== WHAT TO PRODUCE ==
Could you print exactly the lines from the one that contains "A close up view" to the end of the data, both ends included, and nothing else? Skip the pictures.

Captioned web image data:
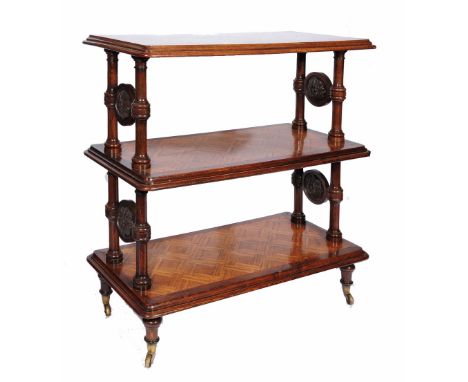 A VICTORIAN HOWARD STYLE OAK GRADUATED THREE TIER BUFFET with geometric parquetry designs, ring turned columns and carved ros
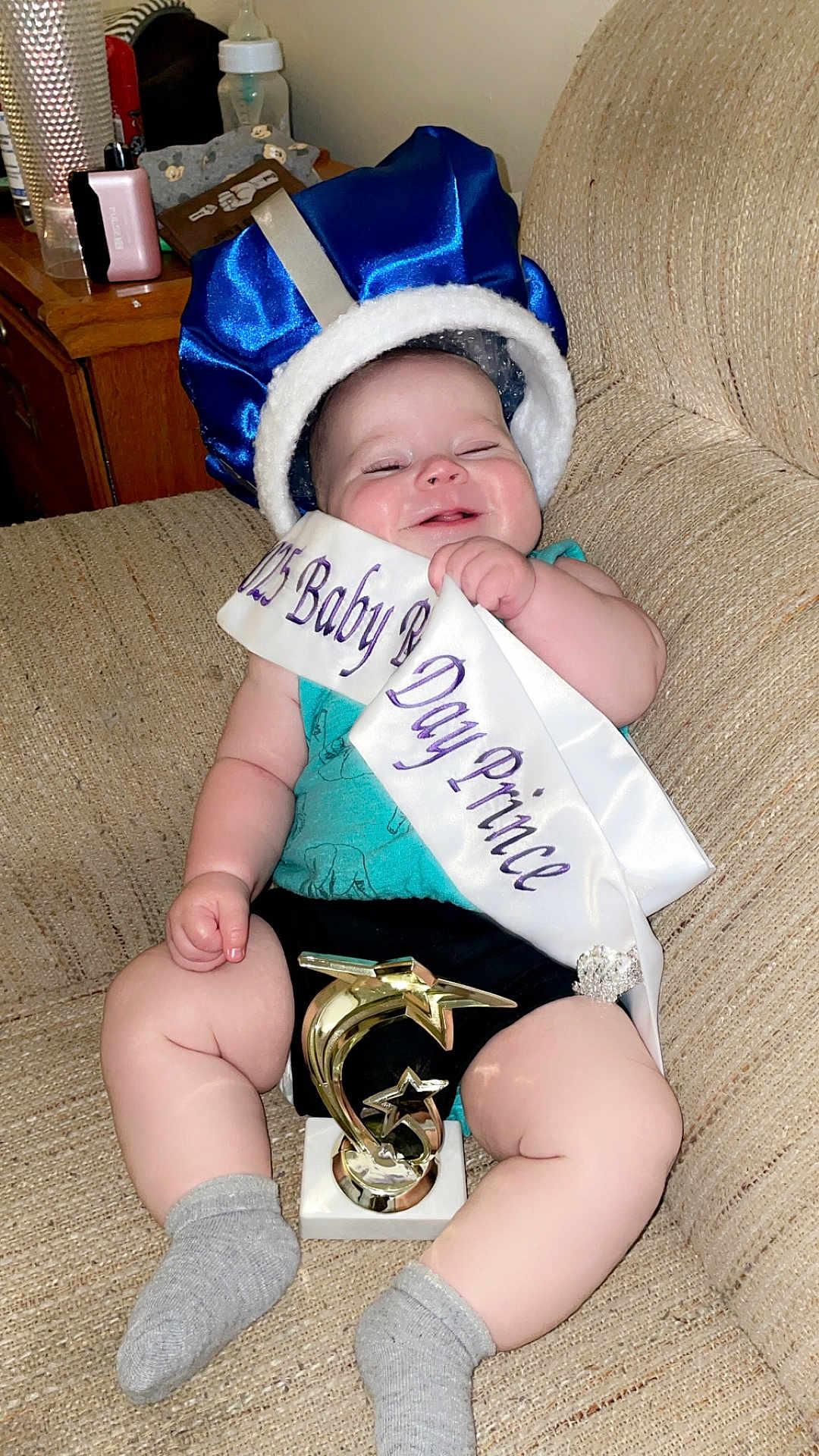 Carson joined the competition — help win amazing prizes! baby, crown, sash, trophy, sofa, couch, smiling, happy, indoor, child, clothing, sitting, award, celebration, sock, furniture, person, headwear, portrait, cute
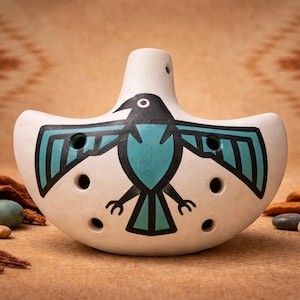 Può includere: Ocarina in ceramica color crema con un disegno di uccello turchese e nero dipinto. L'uccello ha le ali spiegate ed è centrato sull'ocarina. Lo strumento ha più fori per le dita e un bocchino. Lo sfondo è un tessuto beige a fantasia.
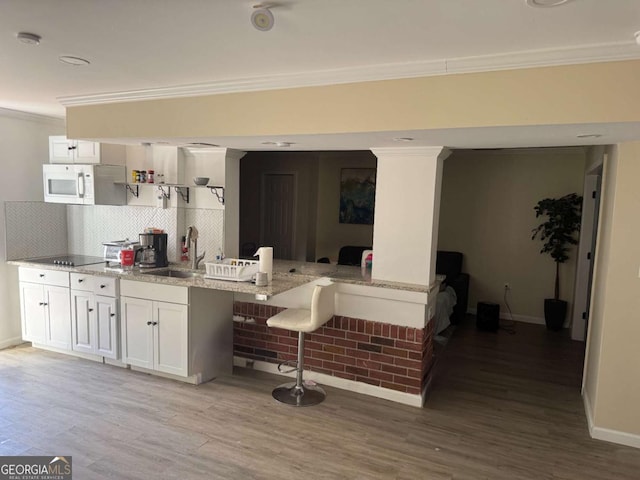 kitchen with white cabinetry, sink, light stone counters, and a breakfast bar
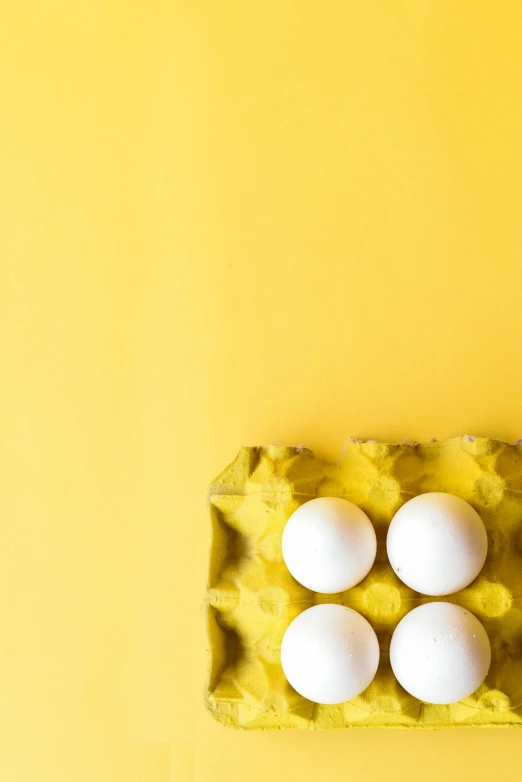 four eggs in a carton on a yellow background, by Carey Morris, trending on unsplash, square, cake, white male, 15081959 21121991 01012000 4k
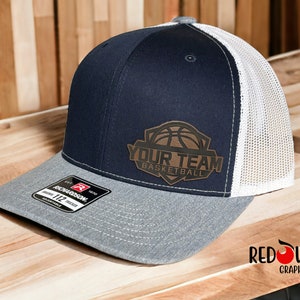 May include: A navy blue and white trucker hat with a brown leather patch featuring a basketball and the text "Your Team Basketball".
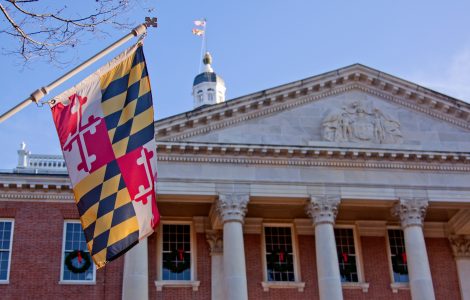 A close up view of the Maryland Statehouse with a state flag in the foreground The Maryland Statehouse with a state flag in the foreground. (Courtesy Glynnis Jones / Adobe Stock)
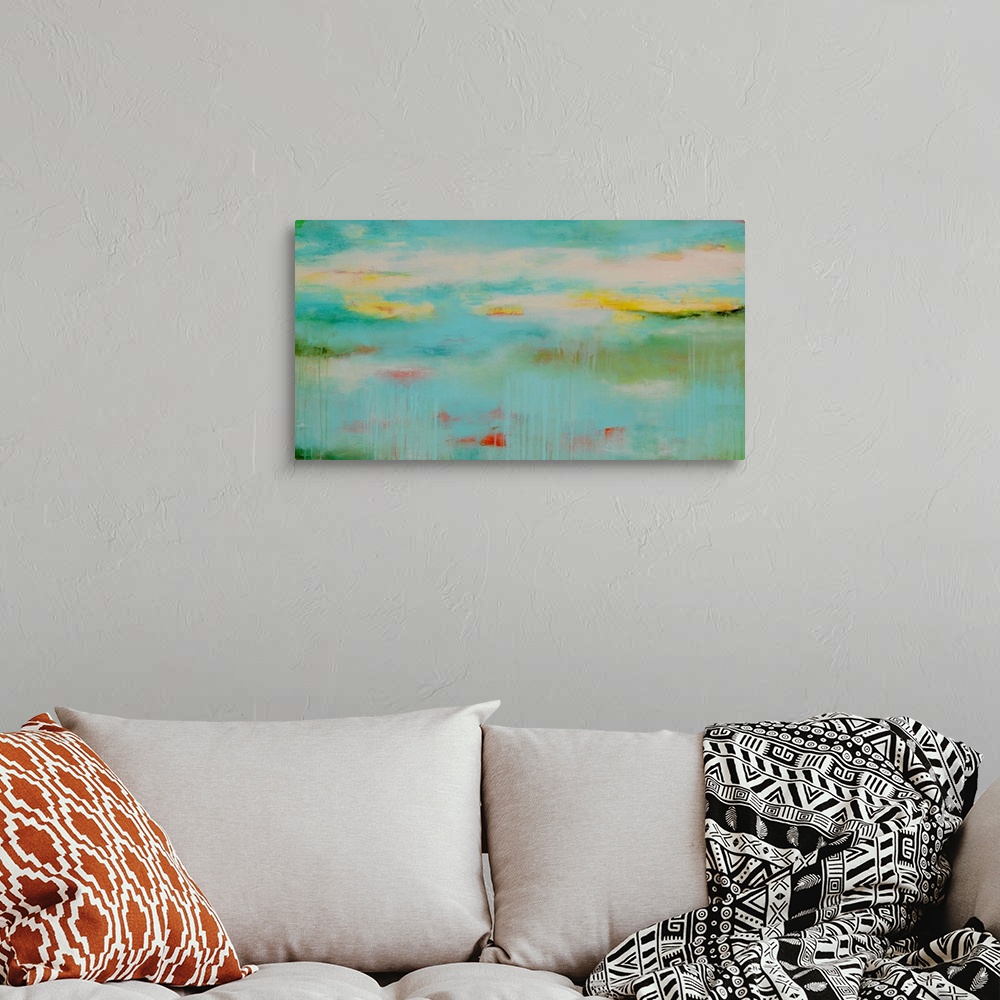A bohemian room featuring Abstract contemporary painting in light, pastel colors, resembling a calm pond in the early morning.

== OUTPUT OF THE EXERCISE ==
 A close up view of the Maryland Statehouse with a state flag in the foreground The Maryland Statehouse with a state flag in the foreground. (Courtesy Glynnis Jones / Adobe Stock)
A bohemian room featuring Abstract contemporary painting in light, pastel colors, resembling a calm pond in the early morning.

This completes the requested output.